Un premier banc de test, ici présenté par Frédéric Seguin, fait appel à des caméras thermiques pour repérer d'éventuelles ruptures dans un panneau mis sous tension
Pour les panneaux recalés, direction la machine de délamination : une ligne capable de venir au plus près des composants cœur du panneau solaire pour les séparer des panneaux de verre et du polymère dans lequel ils sont encapsulés, sans détériorer ces derniers. Principale cible de l’opération : le silicium de la cellule photovoltaïque et les fils d’argent qui servent aux liaisons électriques internes. « Ces deux métaux constituent 60% de la valeur entrante d’un panneau solaire. L’argent à lui seul compte pour 20% de la valeur, alors qu’il ne représente que 0,08% du poids total », illustre Nicolas Defrenne, directeur général de Soren, l’éco-organisme agréé par les pouvoirs publics pour la collecte et le traitement des panneaux photovoltaïques usagés en France. Cette ligne de délamination est présentée comme une première non seulement française, mais européenne, sur un marché du recyclage qui se limitait jusqu’ici au broyage. La machine, venue du Japon, coûte à elle seule 1 million d’euros. Elle doit permettre d’atteindre un taux de recyclage de l’ordre de 95% sur l’ensemble des composants d’un panneau.
Le premier centre d'une longue série ?
En sortie, les laminés qui contiennent les métaux clés du panneau solaire seront expédiés vers l’usine, en cours de construction, de Rosy Solar en Isère. Fondée en 2017 par deux chercheurs, cette startup a élaboré les technologies qui permettront de séparer les différents composés de la cellule photovoltaïque pour isoler des métaux purs, susceptibles d’être revendus sur le marché. « C’est l’un des grands enjeux de la transition énergétique. On passe de l’âge du fossile, où l’on consomme de la ressource, à l’âge des métaux, dans lequel on mobilise de la ressource, avec la possibilité d’en faire autre chose en fin de cycle », estime Nicolas Defrenne, pour qui ce premier centre doit devenir le premier d’une longue série, de façon à répondre aux enjeux de recyclage des panneaux solaires installés sur le territoire depuis les années 90. « On estime qu’il faudra traiter 150.000 tonnes de panneaux d’ici 2030 », ajoute-t-il.

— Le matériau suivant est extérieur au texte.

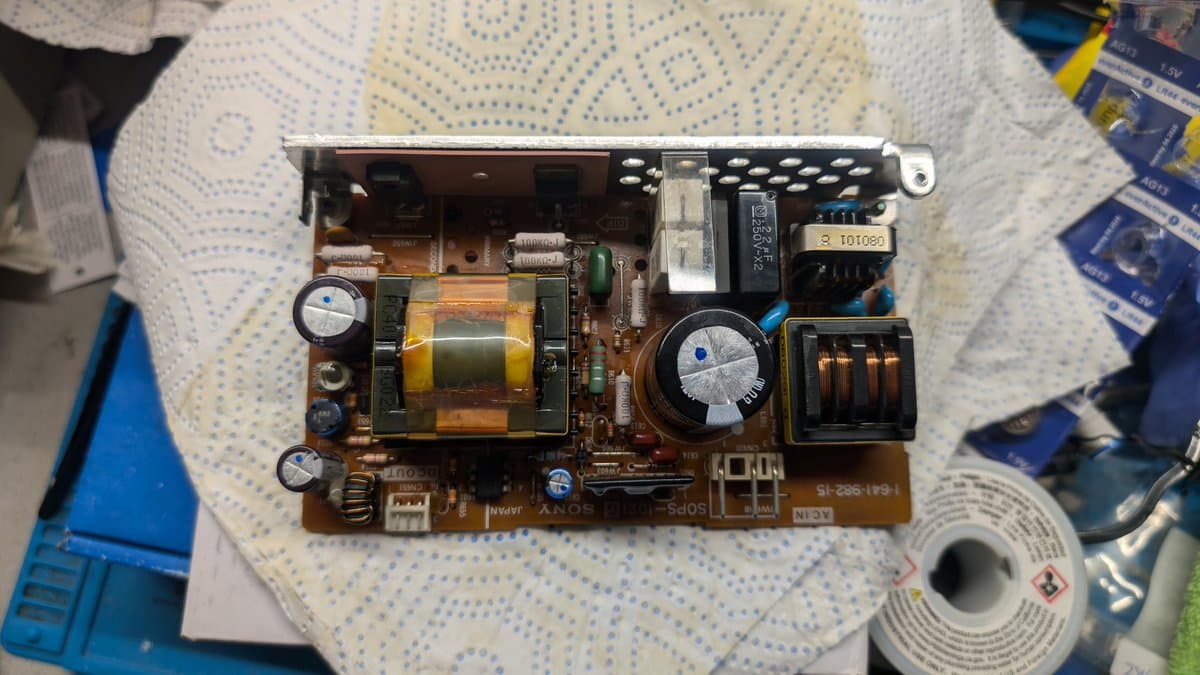 Sony PVM-9045QD PSU board with reflowed solder joints, capacitors, transformer, and inductor coils visible during restoration.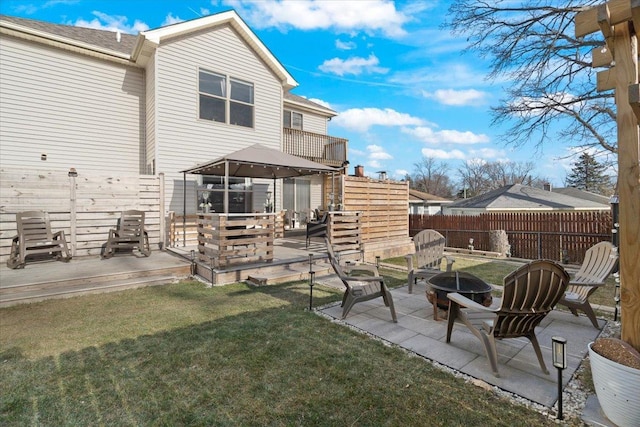 rear view of house featuring a lawn, a patio area, and a fire pit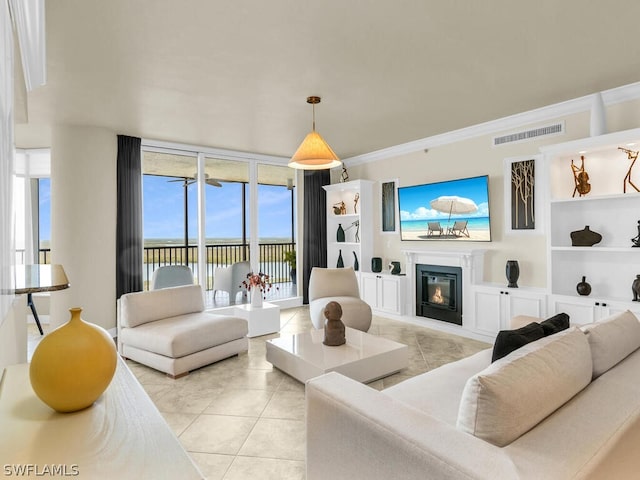 tiled living room with built in shelves and ornamental molding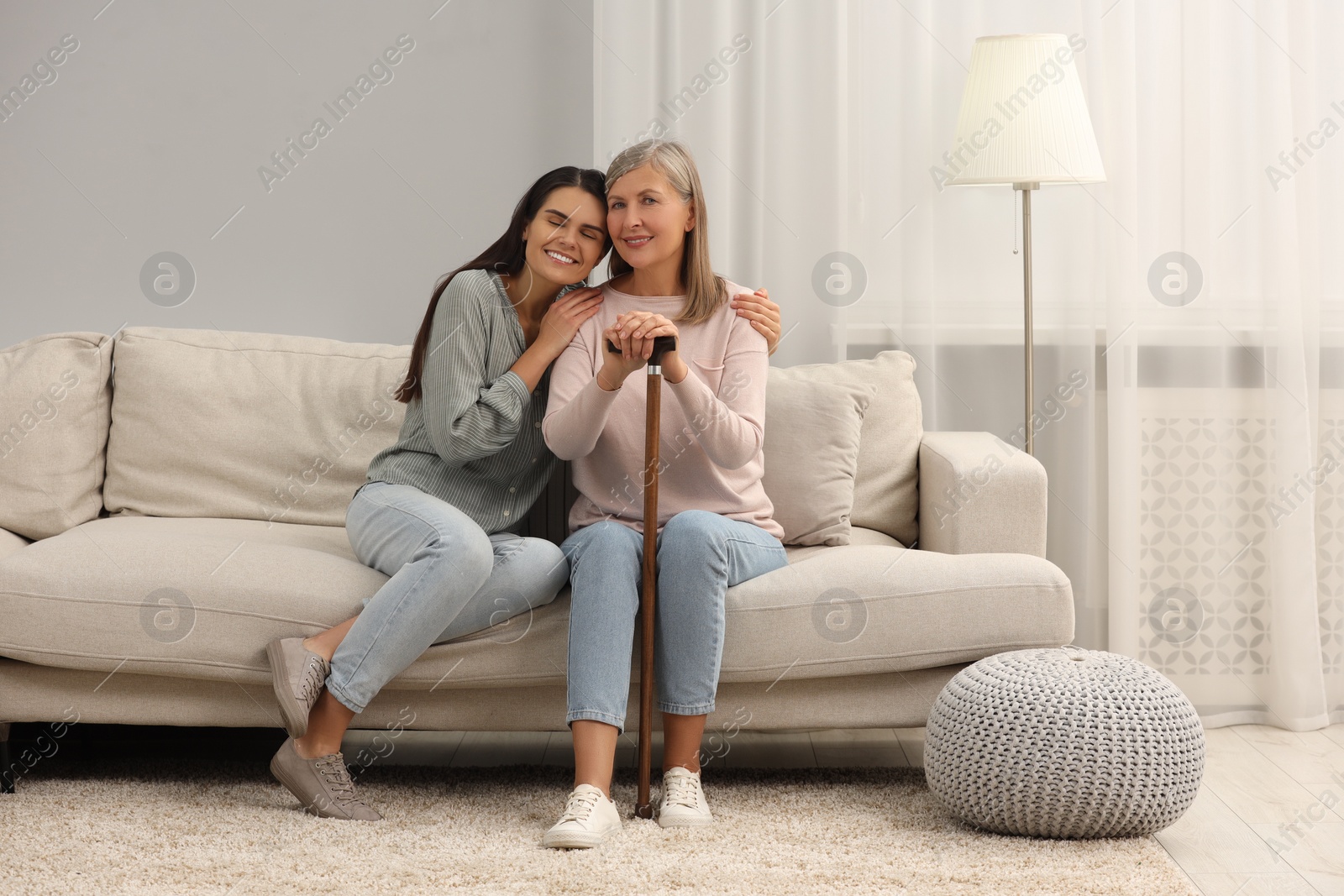 Photo of Mature lady with walking cane and young woman on sofa at home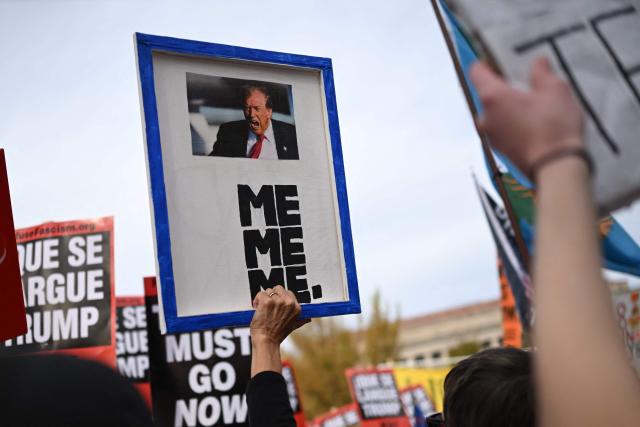 Demonstrators take part in a "Trump Must Go" protest near the National Mall in Washington, DC, on November 5, 2025, marking the first anniversary of Donald Trump’s election to a second term. (Photo by ANDREW CABALLERO-REYNOLDS / AFP)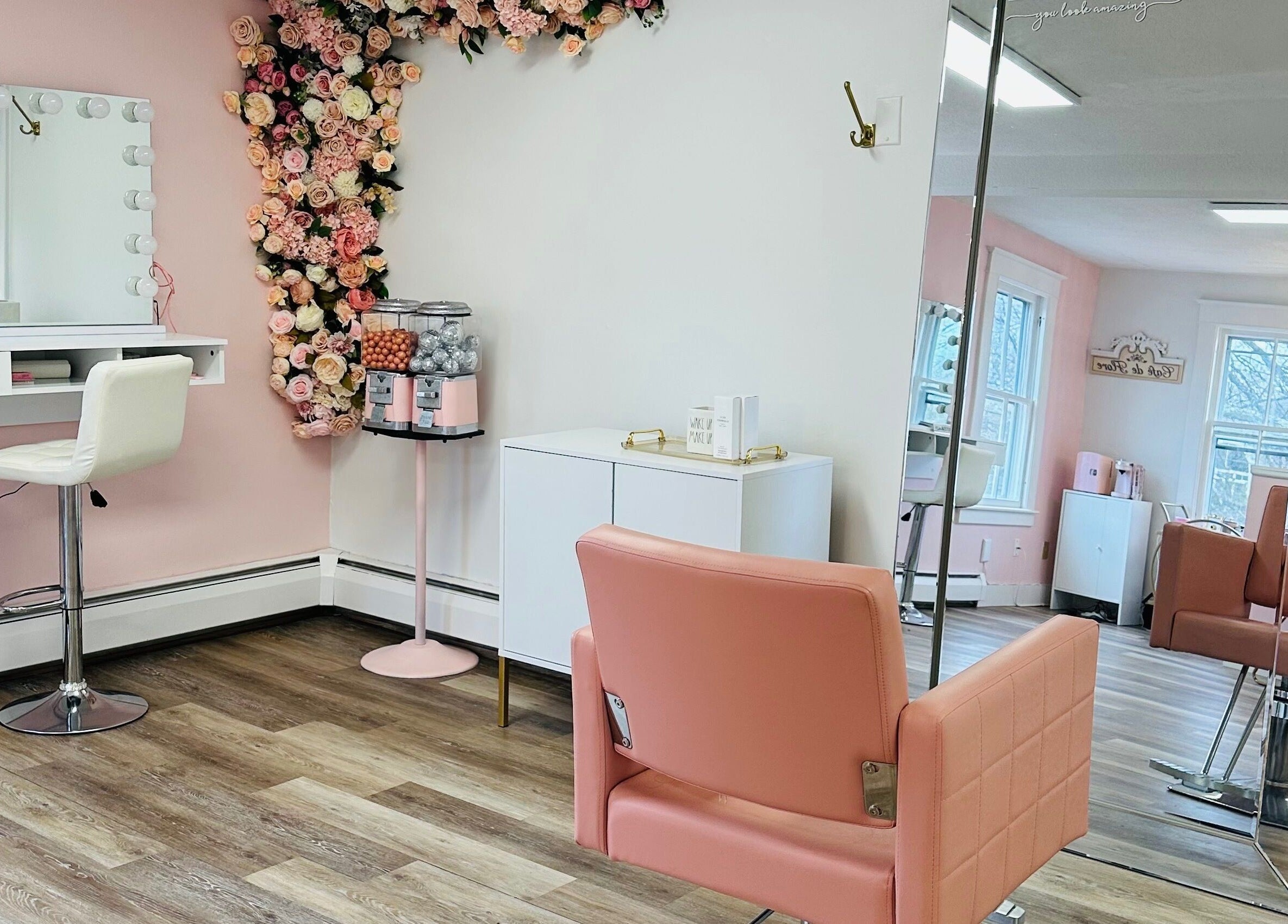 Chic interior of The Stately Rose Beauty Studio in Avon, Connecticut, US with pink decor and floral accents.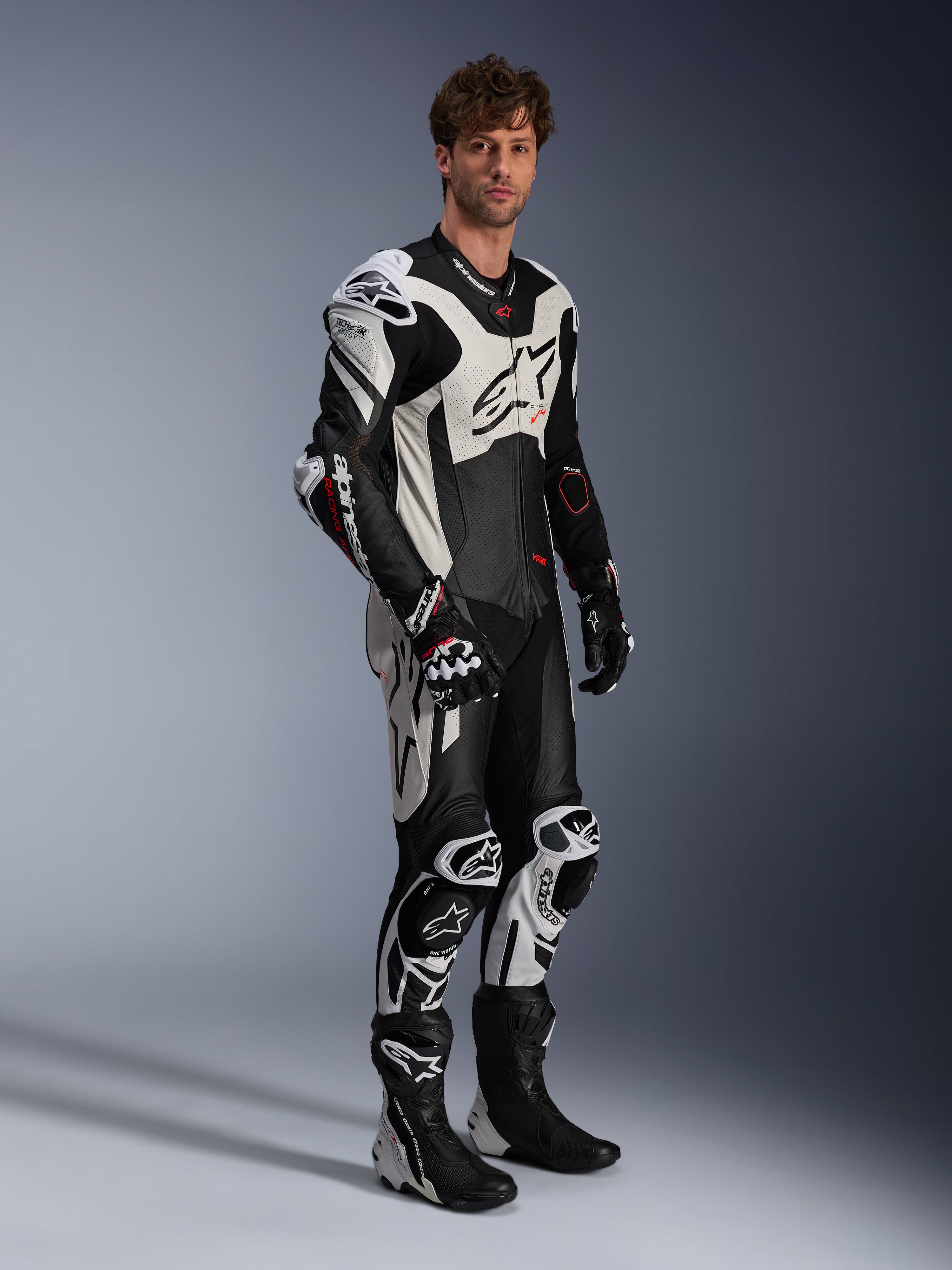 Alpinestars Tuta in pelle GP Plus V4 Sprint 1 Pezzo, nero, bianco e rosso fluo, tuta da moto racing da uomo Tech-Air Ready.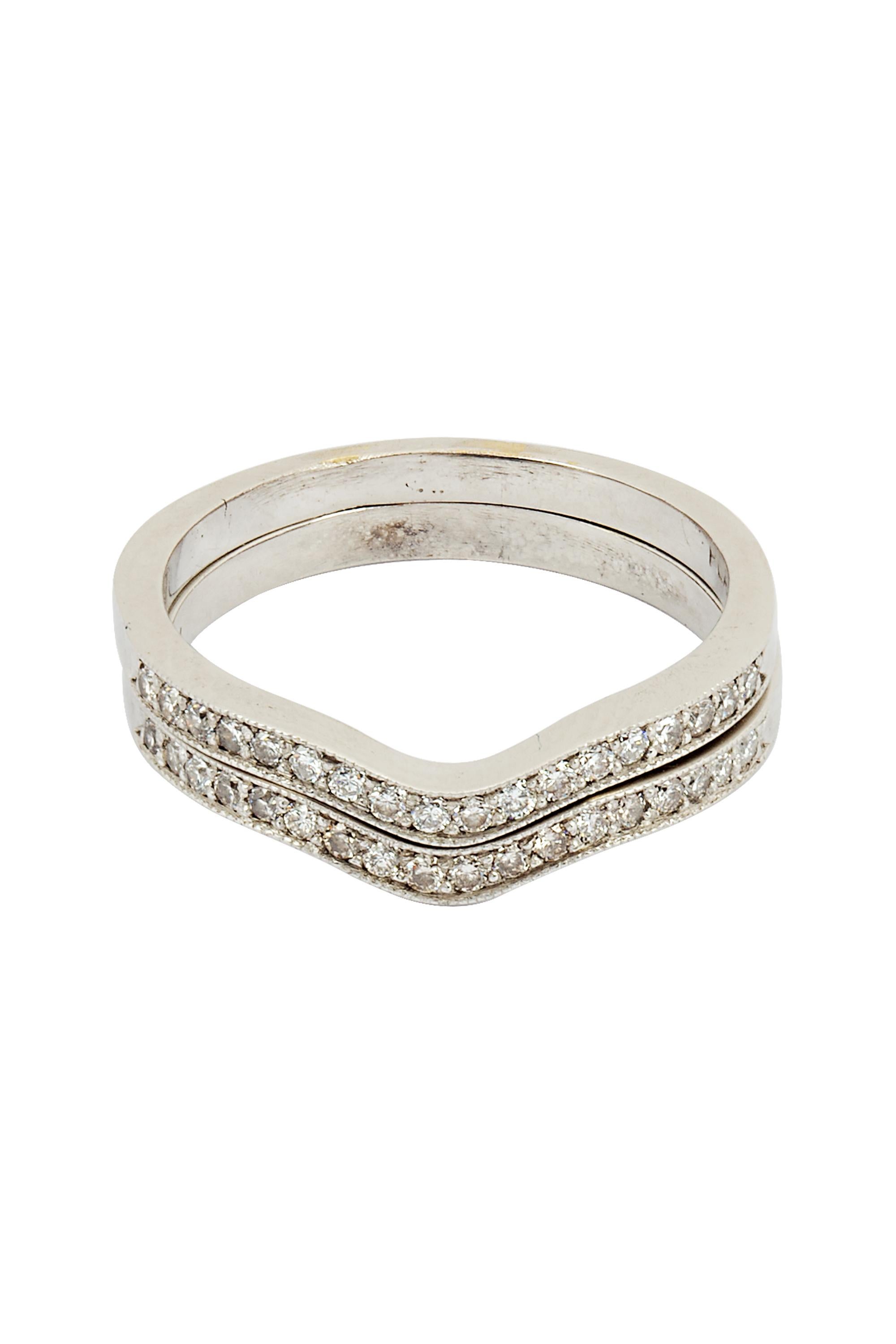Two vintage stacking chevron shaped bands crafted in platinum and each set with a center ribbon of 18 round diamonds. The two bands have a total diamond weight of approximately .70 carats. Ring size 7 ½.

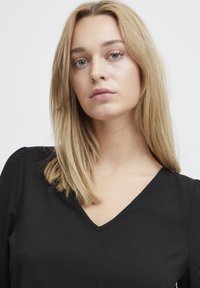 Blusa nera a V con maniche lunghe, realizzata in tessuto morbido. Texture liscia con dettagli minimi, adatta per abbigliamento casual o formale.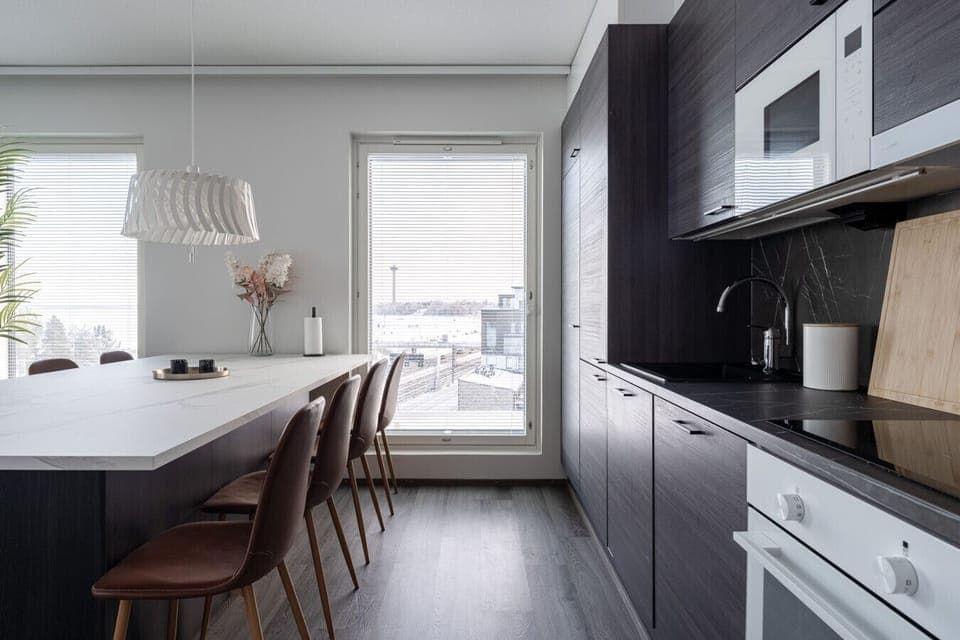 Our sophisticated charcoal kitchen features premium integrated appliances and a stunning stone-effect backsplash, blending style with functionality.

A l'extérieur du centre, 20 000 panneaux solaires déjà désencadrés attendent d'être testés, puis éventuellement recyclés
Le site de Saint-Loubès devrait quant à lui prendre son rythme de croisière d’ici quelques semaines, le temps que les ingénieurs japonais venus en Gironde pour assurer la mise en œuvre de la délamineuse procèdent aux derniers ajustements. Les opérations y seront assurées par une équipe de 25 personnes tournant en trois-huit, avec un effectif principalement féminin. Le projet représente un investissement total de 2 millions d’euros, porté principalement par Envie, avec le soutien de la région Nouvelle-Aquitaine (400.000 euros), de l’Ademe et de l’Etat (100.000 euros chacun).